Source: Israel Matzav
In June 2004, President Bush wrote a letter to Prime Minister Ariel Sharon in which he promised“Third... In light of new realities on the ground, including already existing major Israeli population centers, it is unrealistic to expect that the outcome of final-status negotiations will be a full and complete return to the armistice lines of 1949... It is realistic to expect that any final status agreement will only be achieved on the basis of mutually agreed changes that reflect these realities.”We all know that upon taking office, one of the first actions President Obama took was to disavow that letter, which had been the basis upon which Prime Minister Sharon expelled more than 10,000 Jews from their homes in Gaza, and which had been endorsed by a large majority in Congress.
Recently, it has been reported that President Obama promised the 'Palestinians' that he endorses a 'Palestinian' state based on the borders between Jordan and Israel before the 1967 Six Day War. Clearly, that commitment is inconsistent with President Bush's 2004 commitment to Prime Minister Sharon. Can Israel sue Obama for violating Bush's commitment? Malvina Halberstam, formerly Counselor on International Law in the State Department's Office of the Legal Adviser, strongly implies that the answer is - theoretically - yes.
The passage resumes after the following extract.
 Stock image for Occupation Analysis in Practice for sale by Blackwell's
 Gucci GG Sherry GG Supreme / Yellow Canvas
Although the US Constitution only provides for treaties ratified by the president with the advice and consent of two thirds of the Senate, executive agreements have been used since the beginning of the United States, and most agreements between the US and other countries today are by executive agreement rather than by treaty.I'm afraid that Obama has done the damage already. All we can do is hope and pray that the bumbling, incompetent chief executive doesn't make things worse.
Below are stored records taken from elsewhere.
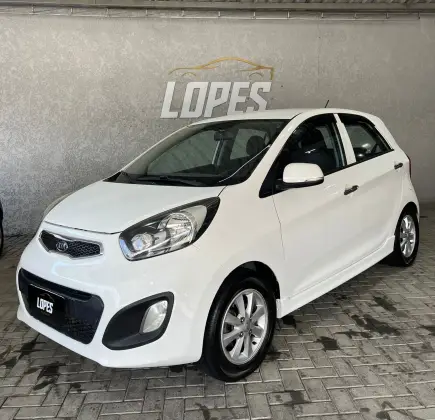KIA PICANTO 1.0 EX 12V FLEX 4P MANUAL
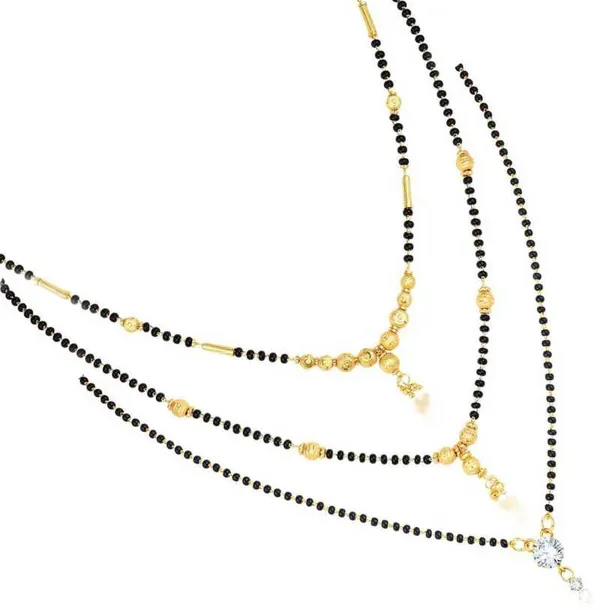 Daily_Wear_Mangalsutra/Tanmaniya/Nallapusalu/Mangalsutra_For_Women_Brass_Mangalsutra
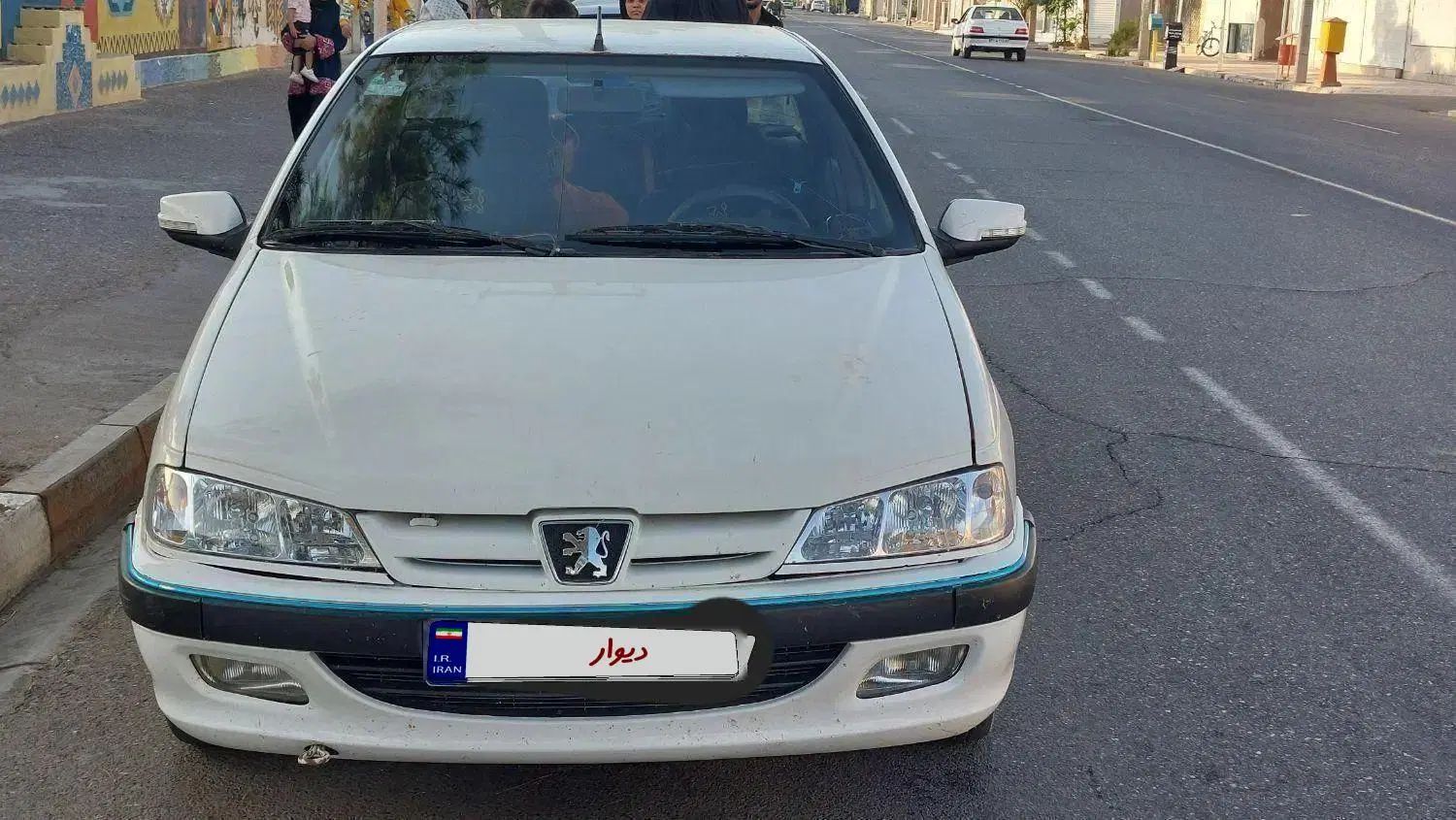پژو پارس XU7ساده - 1388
In two cases decided over 70 years ago, the US Supreme Court held that executive agreements are constitutional, and that, like treaties, they supersede inconsistent state law. Those cases involved an exchange of letters between president Franklin Delano Roosevelt and Maxim Litvinov, the people’s commissar for foreign affairs of the Soviet Union, in which the US agreed to recognize the Soviet Union and the Soviet Union assigned its claims against US nationals to the US.
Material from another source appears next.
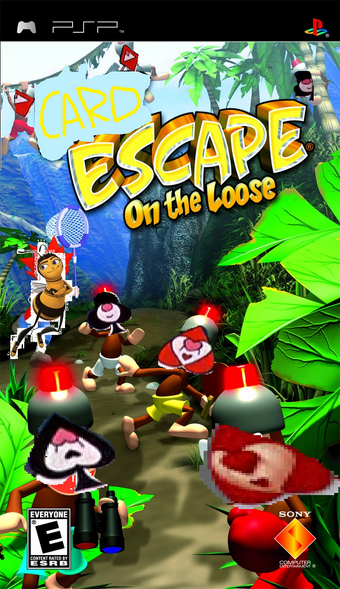Card Escape On The Loose Playstation Portable Julian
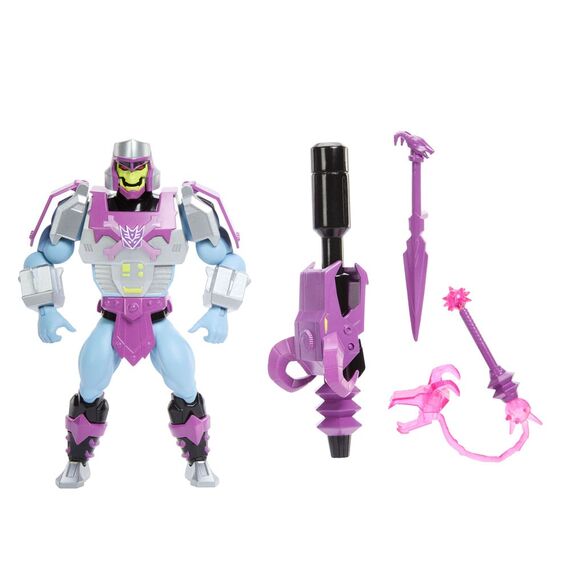 Figurka MOTU x Transformers - Megatron Armor Skeletor (heo European Exclusive)- Zdjęcie 2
More recently, the Supreme Court held constitutional an executive agreement in which Iran agreed to free US embassy personnel it had taken hostage and the US agreed to dissolve a freeze on Iranian assets and nullify attachments against such assets, including those based on judgments by US courts. The Supreme Court has even ruled that the term treaty in a statute applied to executive agreements as well.
While there is, of course, no way Israel, or any other country, can compel the US to honor its treaty commitments, the US has generally done so. If Obama fails to honor agreements made by his predecessor, it would not only tarnish the US reputation internationally, it would seriously impair America’s ability to negotiate future agreements, as other states would wonder whether any US commitments they received in return for concessions would be honored.